# [Input for this task]
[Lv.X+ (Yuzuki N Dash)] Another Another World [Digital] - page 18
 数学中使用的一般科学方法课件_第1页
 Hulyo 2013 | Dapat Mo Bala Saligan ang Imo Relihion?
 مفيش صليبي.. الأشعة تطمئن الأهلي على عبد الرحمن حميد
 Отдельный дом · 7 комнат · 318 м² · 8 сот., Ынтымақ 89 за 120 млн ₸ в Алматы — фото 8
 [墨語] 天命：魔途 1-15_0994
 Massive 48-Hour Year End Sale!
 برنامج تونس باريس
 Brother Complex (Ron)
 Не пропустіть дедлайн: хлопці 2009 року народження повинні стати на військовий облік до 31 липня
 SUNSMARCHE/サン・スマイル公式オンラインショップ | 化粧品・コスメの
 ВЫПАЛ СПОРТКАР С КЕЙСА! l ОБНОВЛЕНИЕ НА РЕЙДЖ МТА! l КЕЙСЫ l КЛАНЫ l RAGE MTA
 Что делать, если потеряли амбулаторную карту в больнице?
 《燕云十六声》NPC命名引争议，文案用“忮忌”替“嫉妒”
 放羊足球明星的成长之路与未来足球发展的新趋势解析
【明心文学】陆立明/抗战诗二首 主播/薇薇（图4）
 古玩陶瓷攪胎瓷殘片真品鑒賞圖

# [Task objective]
Would you retype the lines of the data above, from the one holding "برنامج تونس باريس" through its final line, exactly and without adding any other line?

# [Response to this exercise]
 برنامج تونس باريس
 Brother Complex (Ron)
 Не пропустіть дедлайн: хлопці 2009 року народження повинні стати на військовий облік до 31 липня
 SUNSMARCHE/サン・スマイル公式オンラインショップ | 化粧品・コスメの
 ВЫПАЛ СПОРТКАР С КЕЙСА! l ОБНОВЛЕНИЕ НА РЕЙДЖ МТА! l КЕЙСЫ l КЛАНЫ l RAGE MTA
 Что делать, если потеряли амбулаторную карту в больнице?
 《燕云十六声》NPC命名引争议，文案用“忮忌”替“嫉妒”
 放羊足球明星的成长之路与未来足球发展的新趋势解析
【明心文学】陆立明/抗战诗二首 主播/薇薇（图4）
 古玩陶瓷攪胎瓷殘片真品鑒賞圖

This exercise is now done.